Select color palette for a graph. You can directly use the palette ReportLite offers or change the existing palette or define a new one through “Tools -> Color Scheme”.

**Left Margin/Right Margin/Top Margin/Bottom
Margin**

Set location of the graph on the canvas.

**Tick Length**

Set length of ticks on axes.

**3D Width**

Set percentage between 3D axis width and series width.

**Category Space**

Set percentage between category space and series width.

**Spaces between Series**

Set percentage between series space and series depth.

**Pie Rotation**

Set percentage between Y-axis length and X-axis length in a pie chart.

**Pie Height**

Set Percentage between pie height and radius.

**Font Settings**

Set a series of properties under this item, including font, font color, font size, rotate angle, and so on for text in graph/X-axis/Y-axis titles and labels.

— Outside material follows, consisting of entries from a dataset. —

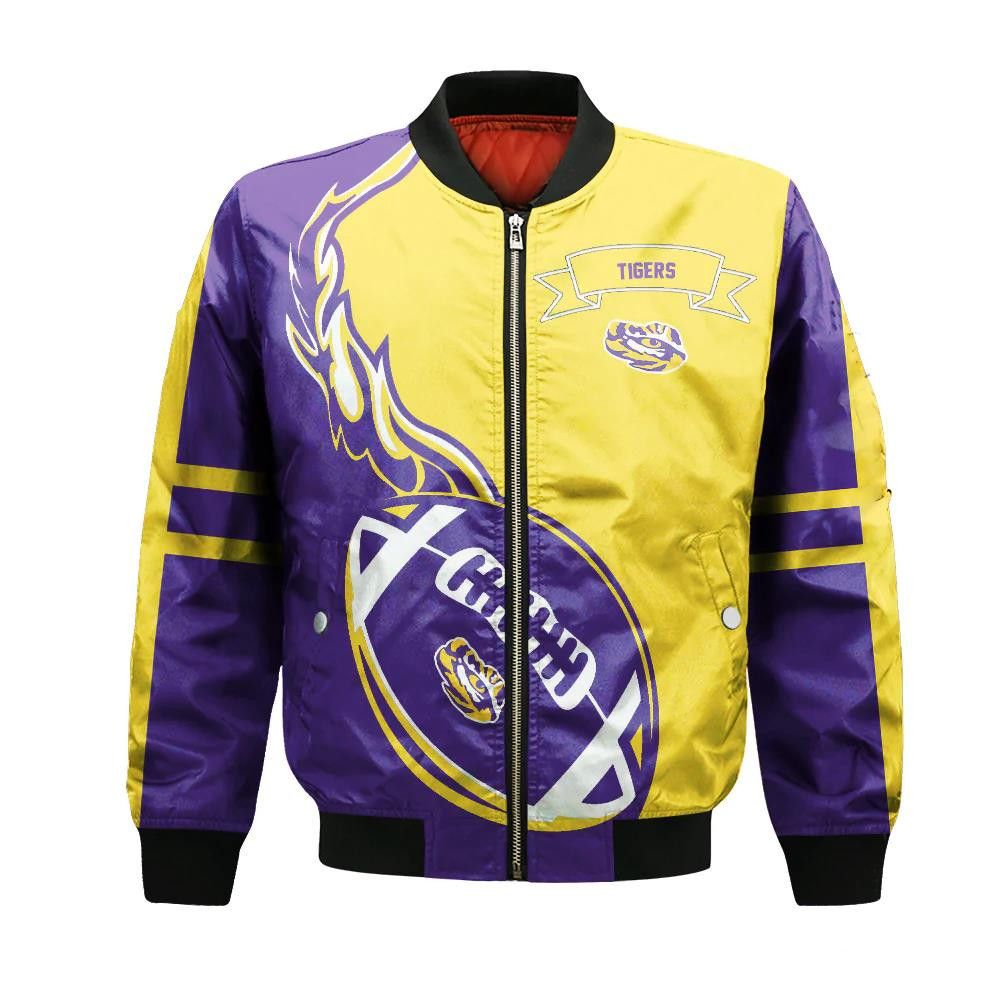 Lsu Tigers Bomber Jacket 3D Printed Flame Ball Pattern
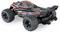 Voiture tout-terrain jouet avec des pneus robustes et des bandes rouges. 4x4 Tout-terrain est écrit sur le côté.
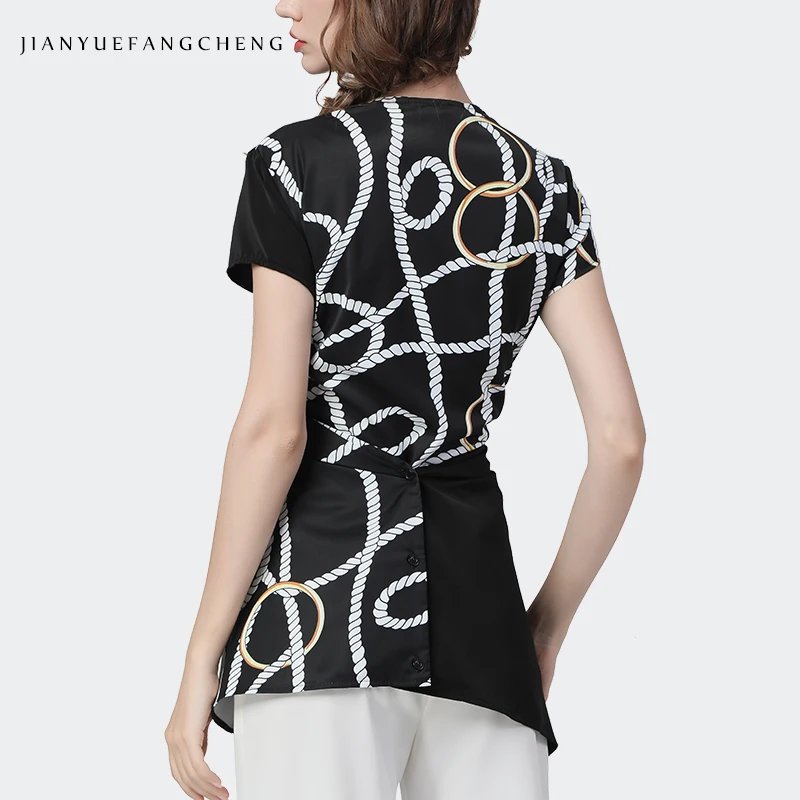 Fashionable Thin Female Shirt Spliced Printed Slim V-Neck Ladies Top Short Sleeved Temperament Elegant Women Summer Blouses New 3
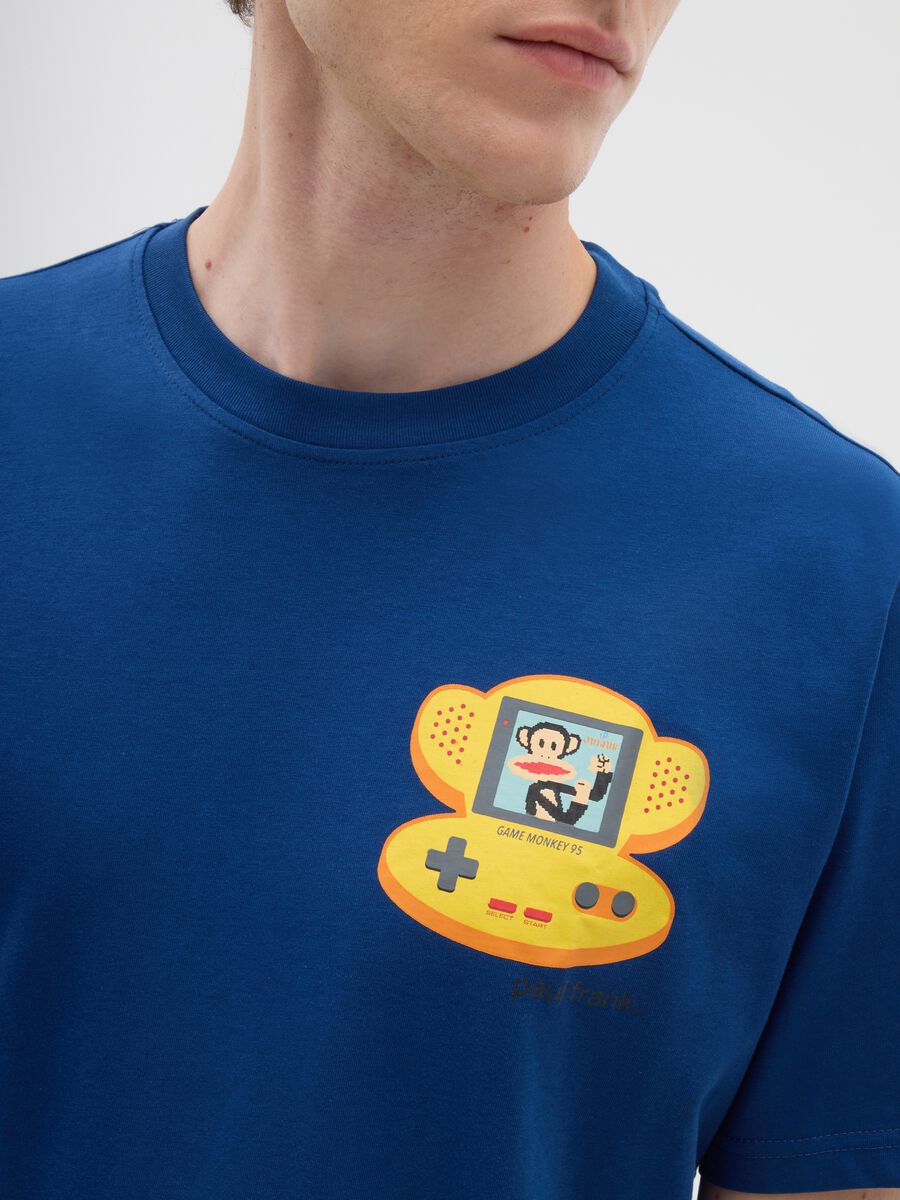 Blue short-sleeve T-shirt in pure cotton regular fit_3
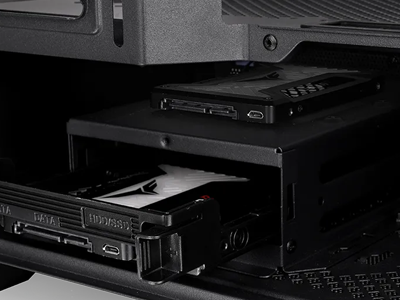 Image of storage devices installed on a case part
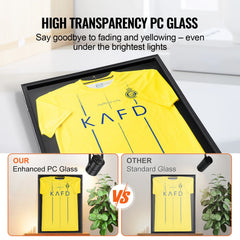VEVOR Jersey Display / Sports Card Display Frame Case, Large Lockable Sport Shadow Box, 98% UV Protection PC Glass and Hangers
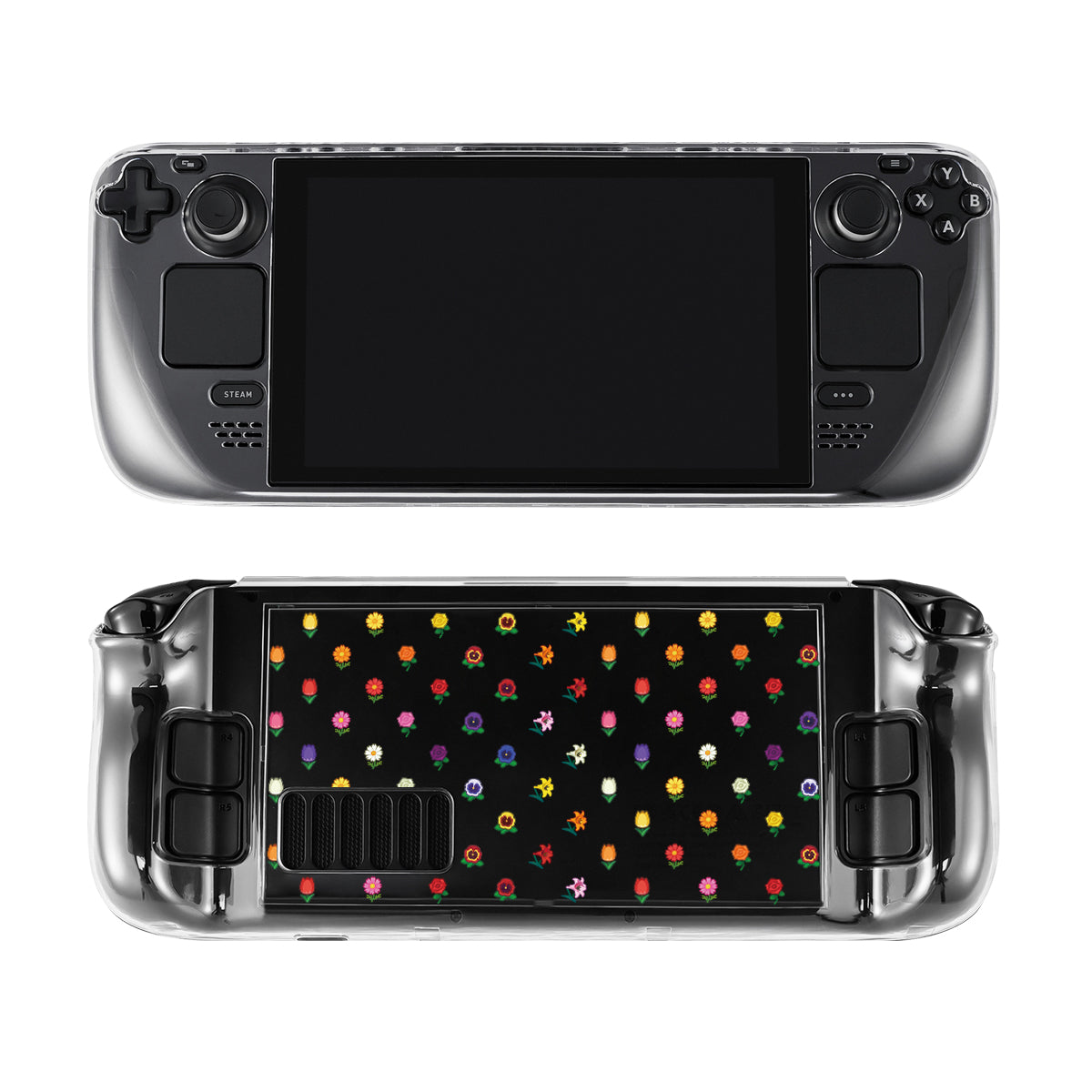 Introducing the Flower Crossing Steam Deck Case from petimint—a handheld gaming console case with a clear screen on the front. The back cover, ideal for any cozygamer, features an array of colorful small icons including stars, flowers, and other shapes in a scattered pattern on a black background.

To use the Chinese fonts under a non-Chinese OS, you need to install the corresponding installer. If the OS doesn’t support a certain font, the graph cannot be output as expected.

**Other**

Switch “Other” tab on the “Graph Properties” interface, as shown below:

**Bar Height**

Set height of status bars in a run graph or a Gantt graph.

**Time Unit**

Set Unit of the time scales in a run graph or a Gantt graph, including Year, Month, Day, Hour, Minute and Second.

**Time Series Value**

Under this property, you can set Begin Value, End Value, Sample Interval, Sample Unit, Label Interval and Label Unit for values on the horizontal axis in a run graph. Values of Sample Unit and Label Unit can be Year, Month, Day, Hour, Minute or Second.

**Background**

Set the background image for a graph.

**Note:** You need
to set both “Canvas Color” and “Graph Backcolor” as “Transparent” () to
make the background image visible.

**Configuration Type**

The configuration type of a background image can be a URL or an Expression. If the background image used for a graph in a report is an image file, choose the “URL “configuration type; if the background image is represented by a byte array returned by an expression, choose the “Expression” configuration type.

**Mode**

There are three modes for a background image – Top left, Fill and Tile.

**URL/Expression**

A URL can be an absolute path or a relative path. A relative path is
relative to Tools -> Options -> File -> Resource directory. The
property corresponds to the path in “home” property under “Report” in
configuration file *raqsoftConfig.xml*. A relative path does not need to be preceded by a slash “/”.

Result of computing an “Expression” should be image, such as the binary streams.

**Curve Type**

Set the type of curve under plotting, including Lagrange, Akima and Cubic Spline Interpolation.